## Dataset extract:
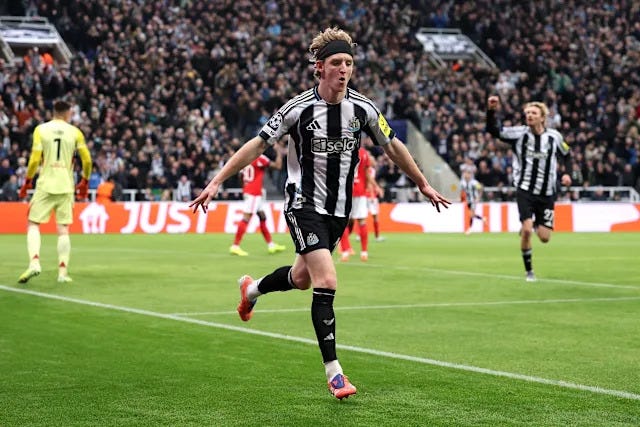 Anthony Gordon breaks Newcastle record in 3-0 Champions League win against  Benfica - Yahoo Sports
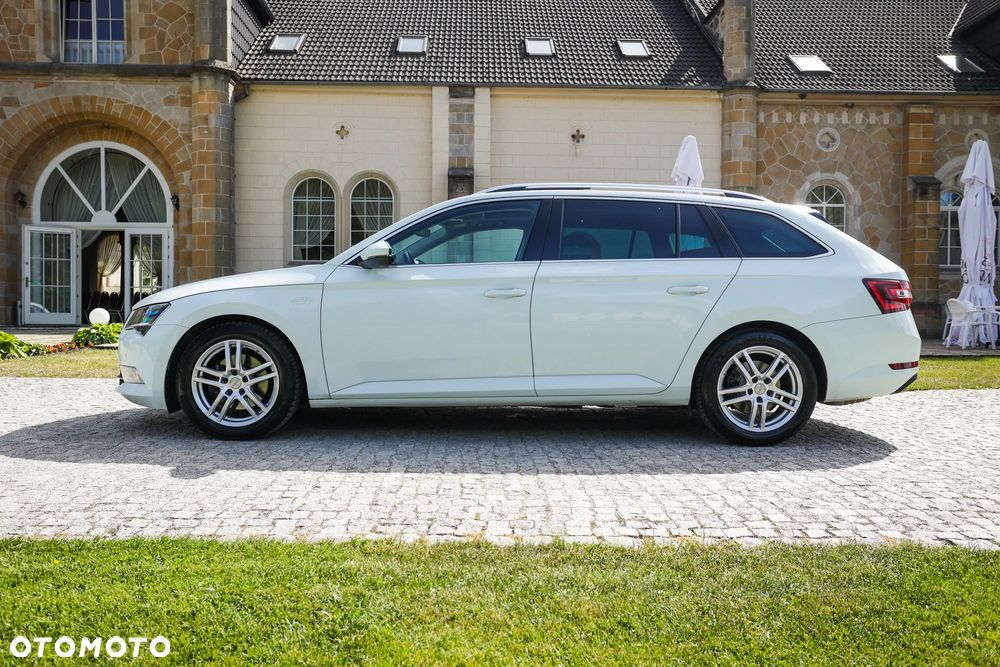 Skoda Superb 2.0 TDI 4x4 DSG L&K - 4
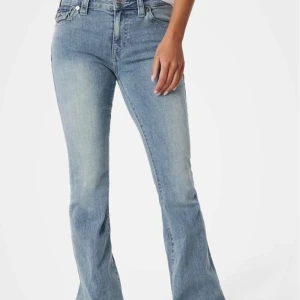 Blå bootcut jeans - Säljer nu mina true religon jeans då ja inte använder dom, dom är mid rise och använda 2 gånger, nypris :1200kr säljer för :1000kr då dom nästan är oanvända skriv för mer info eller bilder osv.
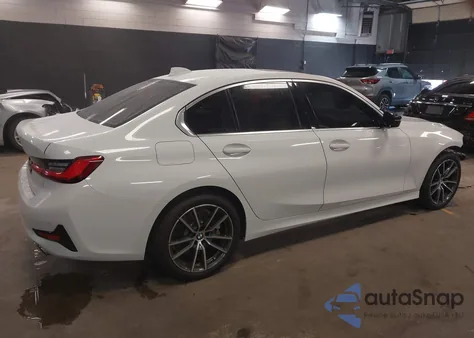 2020 BMW 330I xDrive z USA, uszkodzony, nr VIN 3MW5R7J00L8B18897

## Exercise description:
A verbatim transcript of the material above, with images dropped, is the expected output.

## Answer space:
 Anthony Gordon breaks Newcastle record in 3-0 Champions League win against  Benfica - Yahoo Sports
 Skoda Superb 2.0 TDI 4x4 DSG L&K - 4
 Blå bootcut jeans - Säljer nu mina true religon jeans då ja inte använder dom, dom är mid rise och använda 2 gånger, nypris :1200kr säljer för :1000kr då dom nästan är oanvända skriv för mer info eller bilder osv.
 2020 BMW 330I xDrive z USA, uszkodzony, nr VIN 3MW5R7J00L8B18897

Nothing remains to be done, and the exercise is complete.